If there was a point to James Footes’s luncheon speech to the Halifax business community Wednesday, it was lost somewhere between dessert and coffee.

Container traffic through the Port of Halifax continues its nearly 2½-year decline, and the Halifax Chamber of Commerce gathering would have been a good place for CN’s executive vice-president of sales and marketing to deliver an upbeat message that CN, the only rail line to the port, was determined to help Halifax turn things around.

By his own admission, he told reporters after his speech, CN’s volumes through Halifax are down about 15 per cent in the first five months of this year. But Mr. Foote, a former chairman of the Halterm board when CN owned a piece of the terminal company, took his 15 minutes of “commercial” time on the podium to talk about CN’s economic turnaround since it was privatized; how well CN’s business in Western Canada is doing; the state of the railway’s interests in the U.S.; and its efforts to deal with improving wintertime operations in Canada.

CN’s operational problems last winter prompted Caterpillar Inc, a major Halifax customer, to leave for Virginia. But Mr. Foote would not discuss Caterpillar’s situation or comment on whether the company is coming back to Halifax, as some sources have suggested.

Mr. Foote did say the railway’s business is “obviously declining in Eastern Canada.” He told reporters that changes to shipping and trade patterns have affected Halifax but said CN is working to rebuild business.

“We are aggressively looking at new markets, putting offices in India, looking for different areas where products may be coming through in the future, and that’s what is motivating us right now,” he said.

CN is being aggressive with customers and shipping lines that aren’t calling at Halifax, Mr. Foote said.

“I have a lot of people who sleep a lot on airplanes going around trying to interest people in coming here,” he said. “You have to work hard at it.”

But Mr. Foote said people at the Port of Halifax and the planned container terminal for Melford must play a waiting game for cargo to come.

The West Coast ports are full, he said, but “U.S. East Coast ports are not that critical” yet.

They will be, he added, when more cargo comes from India and other Asian countries through the Suez Canal.

Mr. Foote said CN has made no commitment to the Melford project other than “to run the best railroad possible if someone builds a new terminal.”

Nor did he take up the issue of CN building a distribution centre in Halifax, as CN president Hunter Harrison mentioned two years ago.

He said Mr. Harrison’s suggestion included finding someone who wanted to use a centre. “Our position is the same. If we had a customer who thought that was a good idea, we would make the investment.”

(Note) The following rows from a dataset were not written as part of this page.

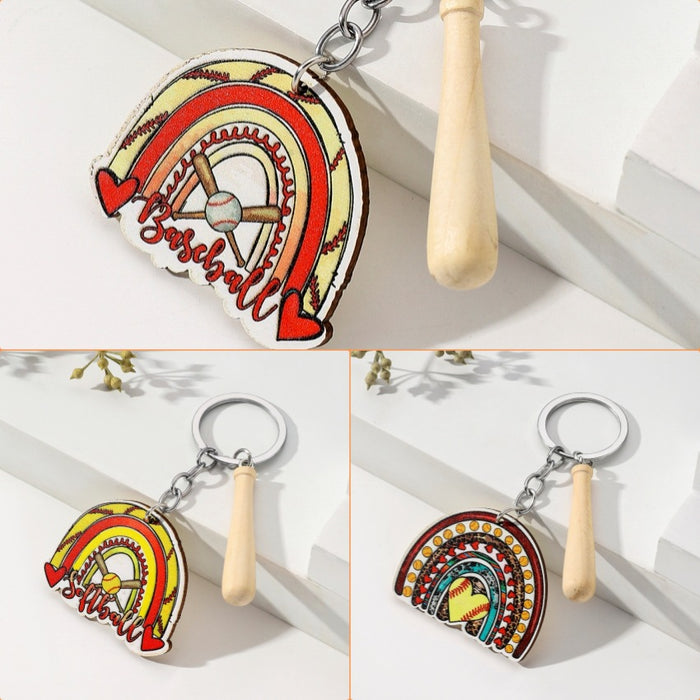 Wholesale Ball Sports Wooden Keychain JDC-KC-RongRui044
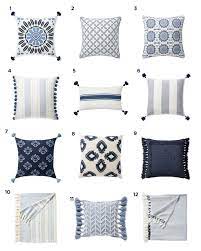 Favorite Home Decor Finds From Serena And Lily Designed Blue And White Pillows White Pillows Blue Home Decor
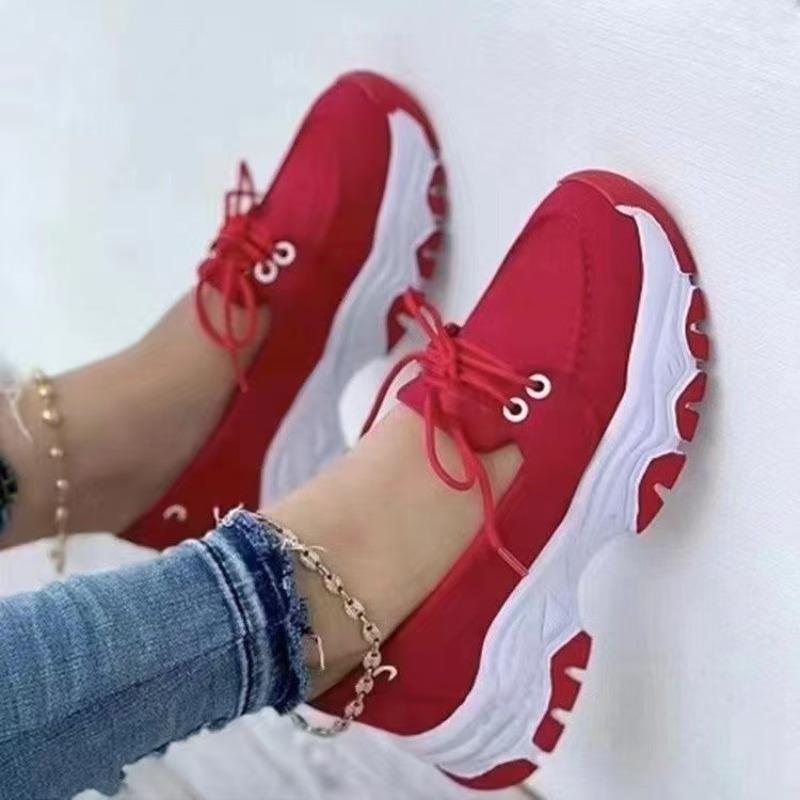 New 2025 Women Sneakers Platform Casual Breathable Sneakers Women Designer Female Tennis Vulcanized Shoes Footwear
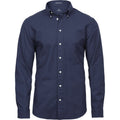 Navy - Front - Tee Jays Mens Perfect Long Sleeve Oxford Shirt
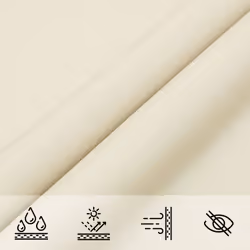 vidaXL Sunshade Sail Oxford Fabric Triangular 2.5x2.5x3.5 m Cream Sunscreen - Additional view 5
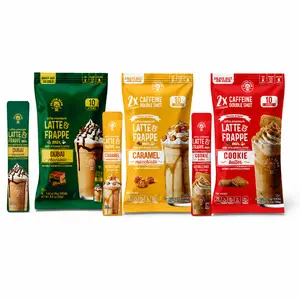 The Frozen Bean Best Sellers Trio (Dubai Chocolate, Caramel Macchiato, Cookie Butter) Frappe & Latte Instant Mix (10 Sticks Each x 30 Sticks Total)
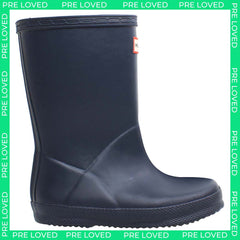 Hunter Original First Kids Navy Wellington Boots NO BOX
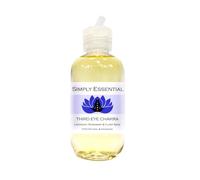 Simply Essential Third Eye Chakra Body Oil with Lavender, Rosemary and Clary Sage 100ml Ajna Aromatherapy Massage Oil for Inner Vision, Focusing and Clarity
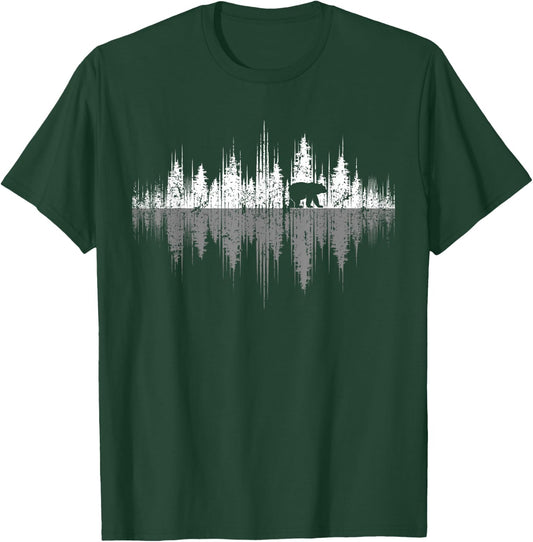 Trees Reflection Wildlife Nature Animal Bear Outdoor Forest Small T-Shirt - T-Shirt | Forest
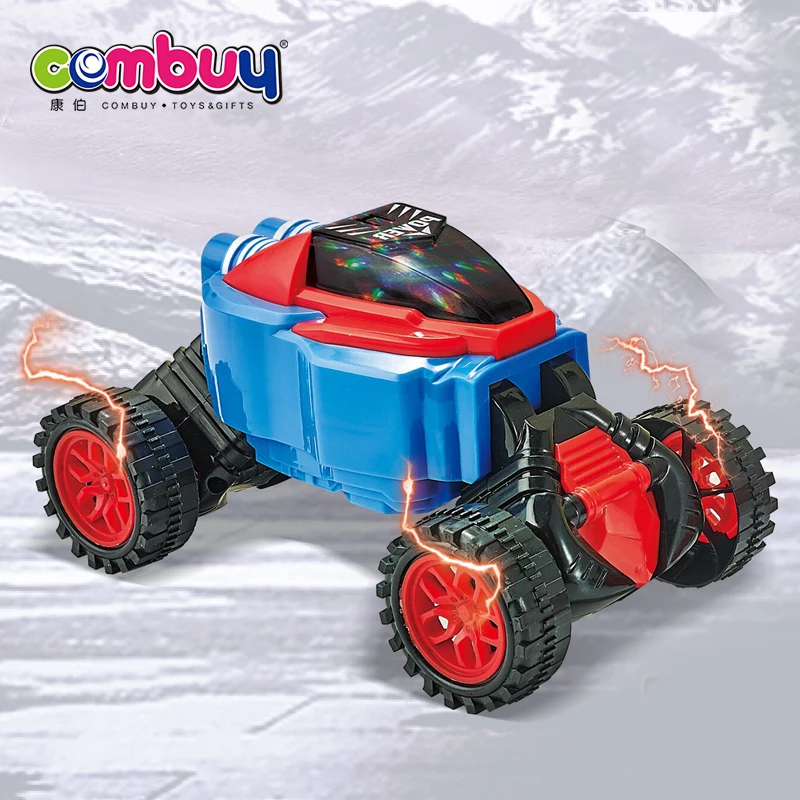 Deformation off-road lighting automatic toy twist stunt car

Premier Rodney MacDonald has talked about an investment in CN property in recent months, saying he would like to see an expansion of the rail cut, from the south end near the Halterm terminal to Fairview, so trucks and emergency vehicles could use it and avoid going through downtown Halifax. It was part of the premier’s gateway wish list.

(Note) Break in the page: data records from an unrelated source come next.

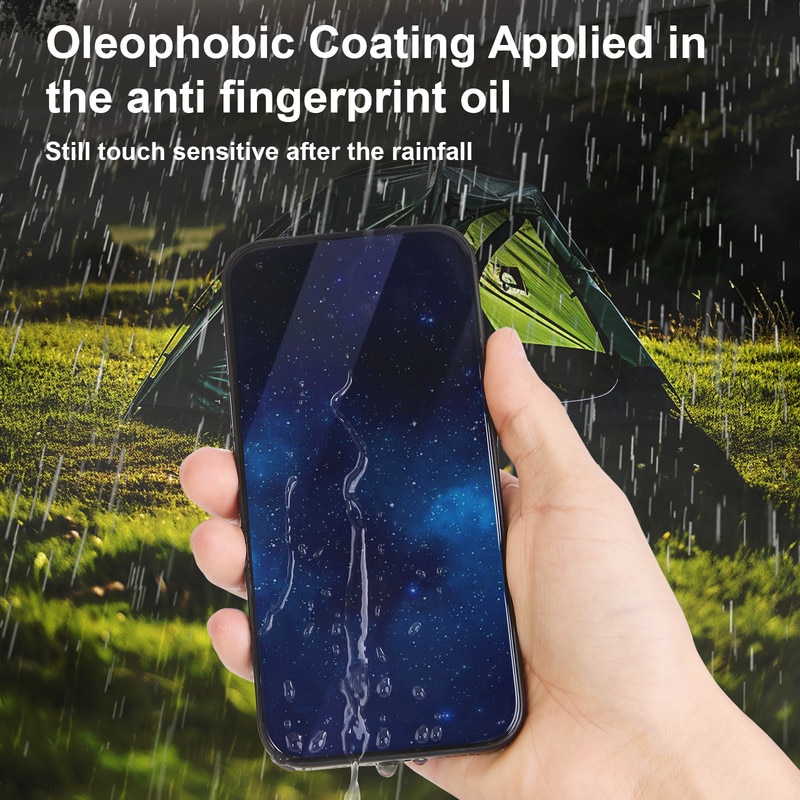 XWK® Folie protectie telefon 9h, sticla securizata, transparenta, antisoc, pentru iPhone 16pro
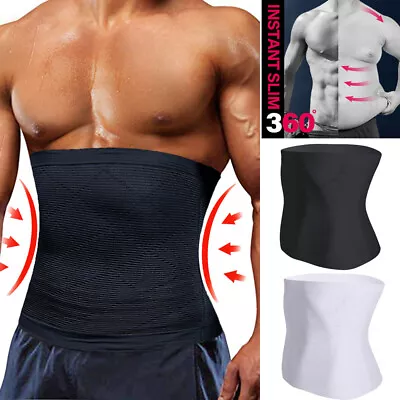 Men Tummy Tuck Belt Body Shaper Compression Control Slimming Waist Trainer Band • $10.99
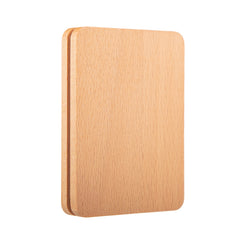 Rectangular Bamboo Compact Mirror, 90×65mm Portable Folding Makeup Mirror, 95% High Clarity Eco-Friendly Wooden Pocket Mirror for Women, Travel, Office, Daily Use & Gift (74g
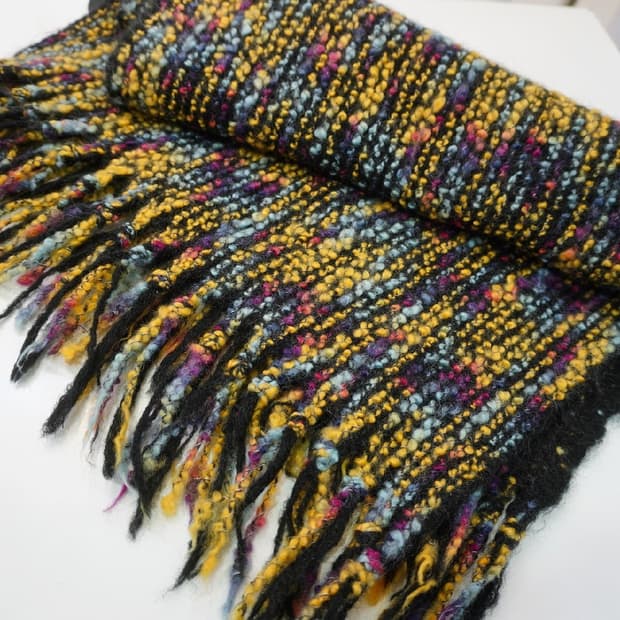 요지 야마모토 와이즈 멀티 울 머플러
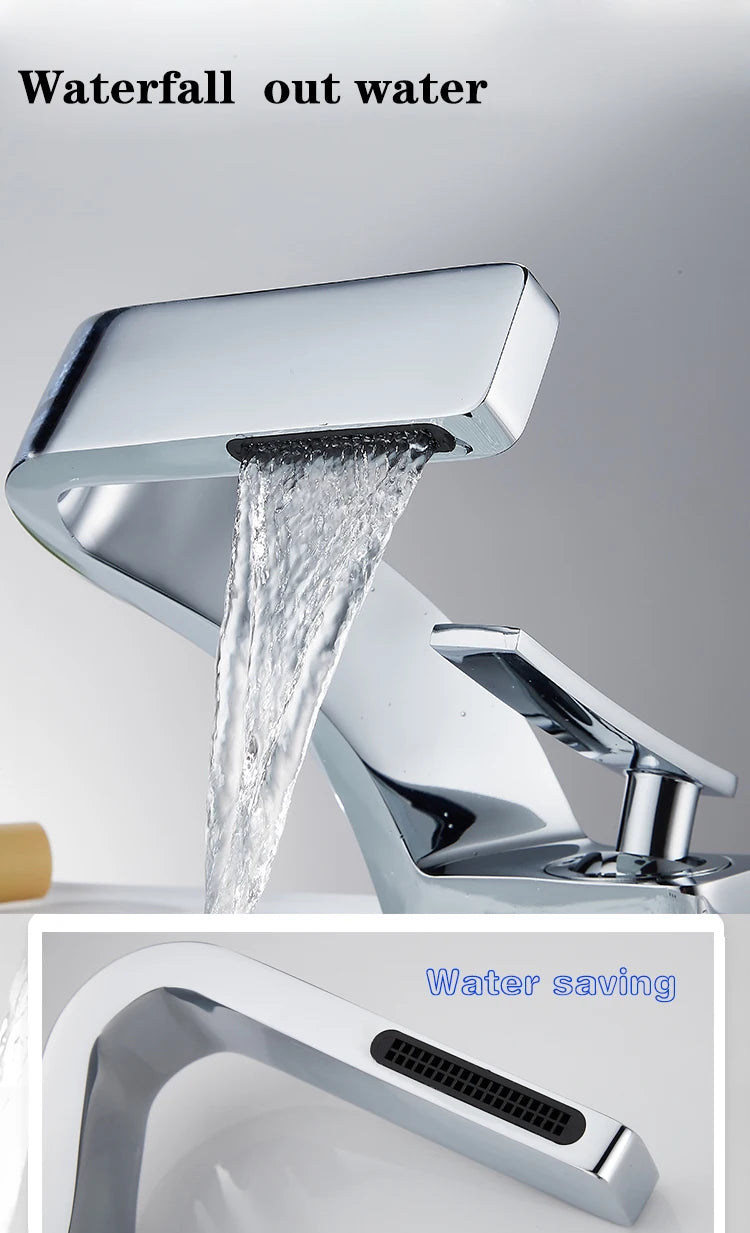 Brass Black Gold Basin Faucet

But while Mr. MacDonald said he wanted to start work on the project by the end of the year, Mr. Foote said he knows of no formal discussions with the province.

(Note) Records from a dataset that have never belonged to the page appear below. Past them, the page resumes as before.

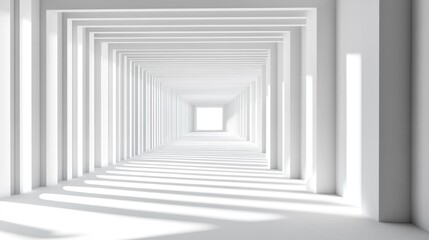 Fototapeta premium abstract white geometrical background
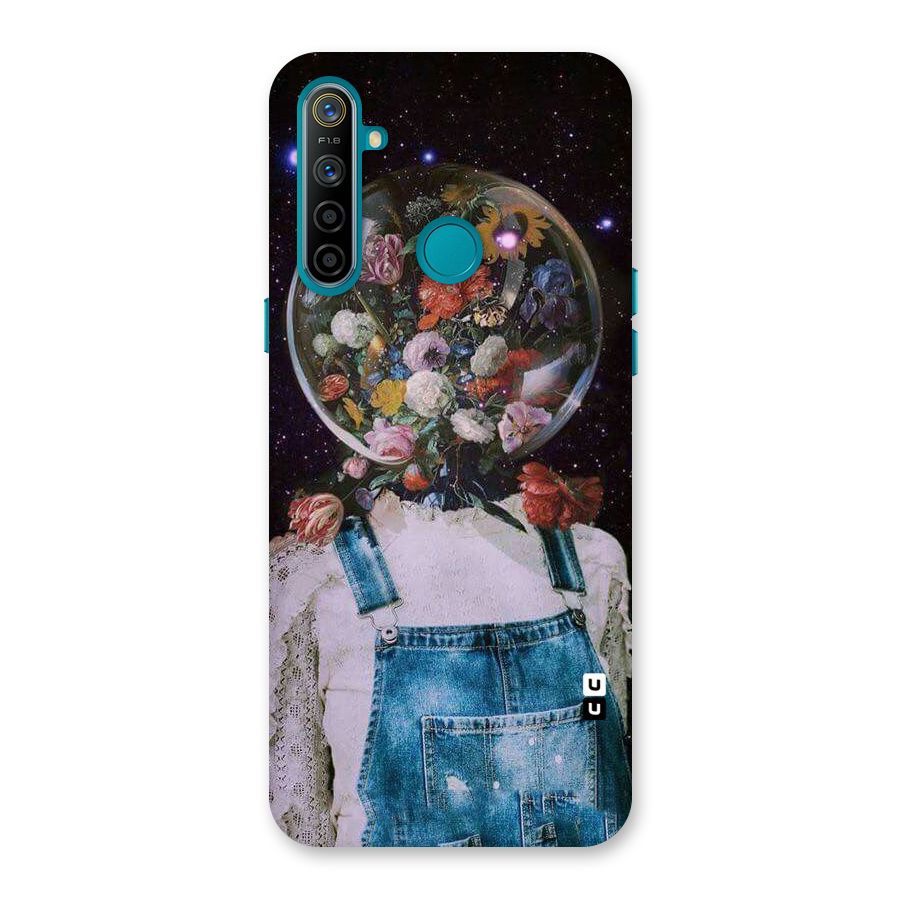Flower Face Back Case for Realme 5i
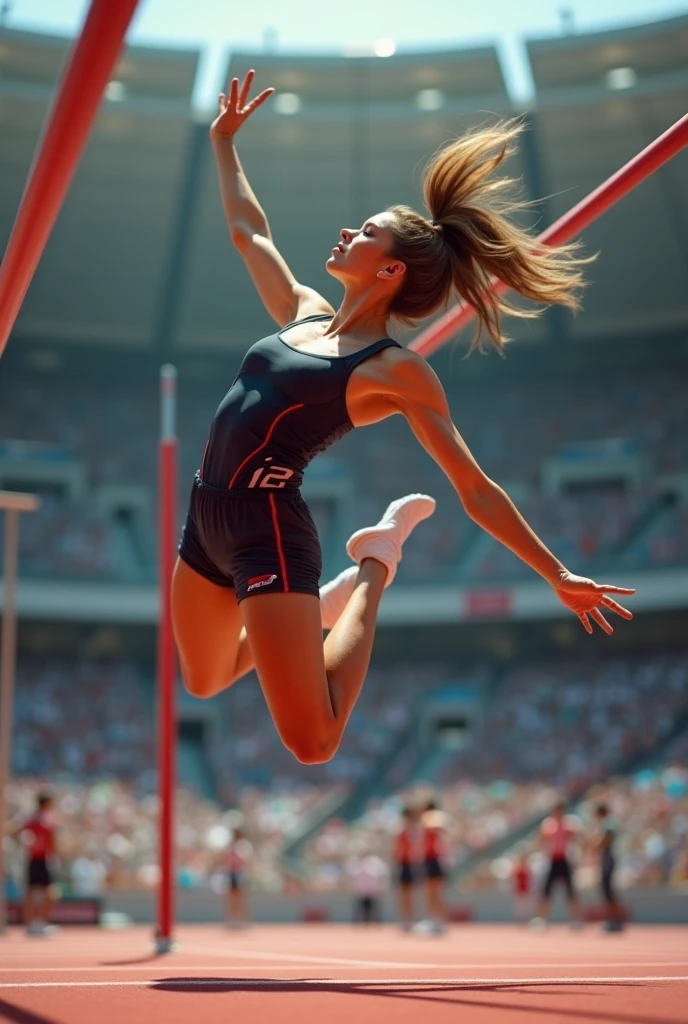 1980s,full body,photo of a 18 year old girl,hurdle race,jumping,happy,ray tracing,detail shadow,shot on Fujifilm X-T4,85mm f1.2,depth of field,bokeh,motion blur,<lora:add_detail:1>,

“CN is willing to work with whoever it is that would want to do the studies necessary in order to see if the trucks can go that way,” he said.

“We have no problem with doing whatever study is necessary to determine the appropriateness of that. . . . Whatever project is done, we have to ensure we have a railroad that can operate in and out of there and (that) if any land is taken we are adequately compensated for it.”